Romanian President Rejects Muslim Woman As Prime Minister

Chris Menahan
InformationLiberation
Dec. 28, 2016

Smart move.

From The Guardian:
Romania’s president has rejected a proposal by the leftist party that won elections this month to appoint the country’s first female and first Muslim prime minister.

Klaus Iohannis gave no reasons for rejecting the nomination of Sevil Shhaideh, put forward by the Social Democrats (PSD), but there was speculation that it may have been due to her Syrian husband’s background.
“I have properly analysed the arguments for and against and I have decided not to accept this proposal,” the president said in a televised statement. “I call on the PSD coalition to make another proposal.”

The PSD won 45% of the vote on 11 December. Its leader, Liviu Dragnea, withdrew his own bid to become prime minister because he is serving a two-year suspended sentence for fraud in a previous election.

Shhaideh’s political experience is limited, having served as development minister for just five months before the previous PSD-led government resigned in late 2015. This and her personal closeness to Dragnea – he was a witness at her wedding – stoked opposition accusations that she would merely be his puppet.
Only .3% of the population of Romania is Muslim. 81% are Orthodox Christians. To select a Muslim woman to be the Prime Minister of an Orthodox Christian country is just bizarre.
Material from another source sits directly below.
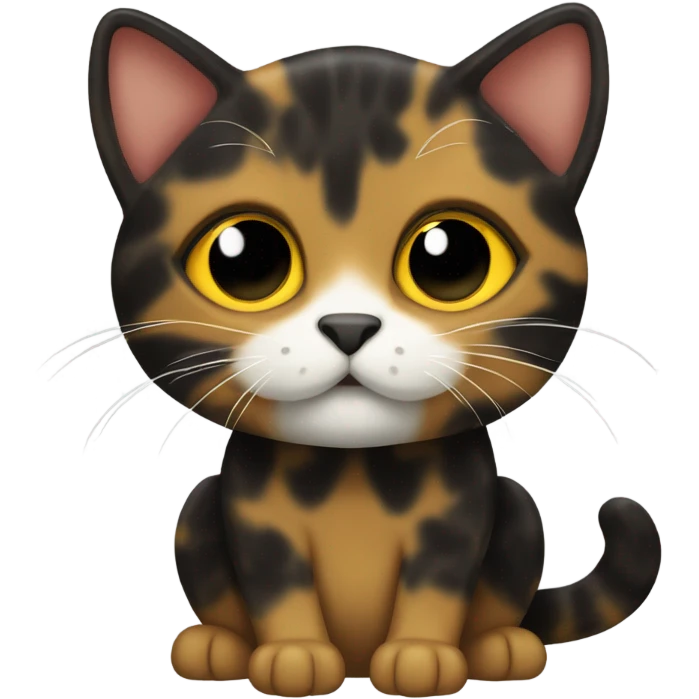 Tortoiseshell cat with yellow and black. White nose and chest emoji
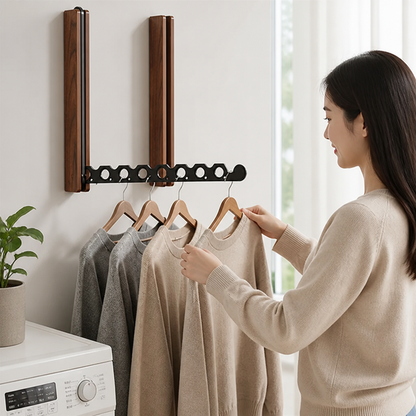 Wall Coat Rack Foldable Wood Frame & Metal Rod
Johannis is rather interesting in that he was elected despite being part of a dwindling minority of Germans.

Via Wikipedia:
In 2000, the Democratic Forum of Germans in Romania in Sibiu decided to back him as a candidate for mayor. Despite the fact that Sibiu's German minority had shrunken to a mere 1.6%, Iohannis was elected with 69.18% of the votes and has won three re-elections in a row, getting some of the largest electoral scores in the country: 88.7% of the vote in 2004, and 87.4% in 2008. He is the first ethnic German mayor of a Romanian city since Albert Dörr, who served from 1940 to 1945. The small German minority is popular in Romania, where they are often viewed as hard-working, precise and uncompromising. Many Romanians also remember that the country experienced some of its best moments under German kings over a century ago.
Sounds like this is a very wise man who made a very wise decision.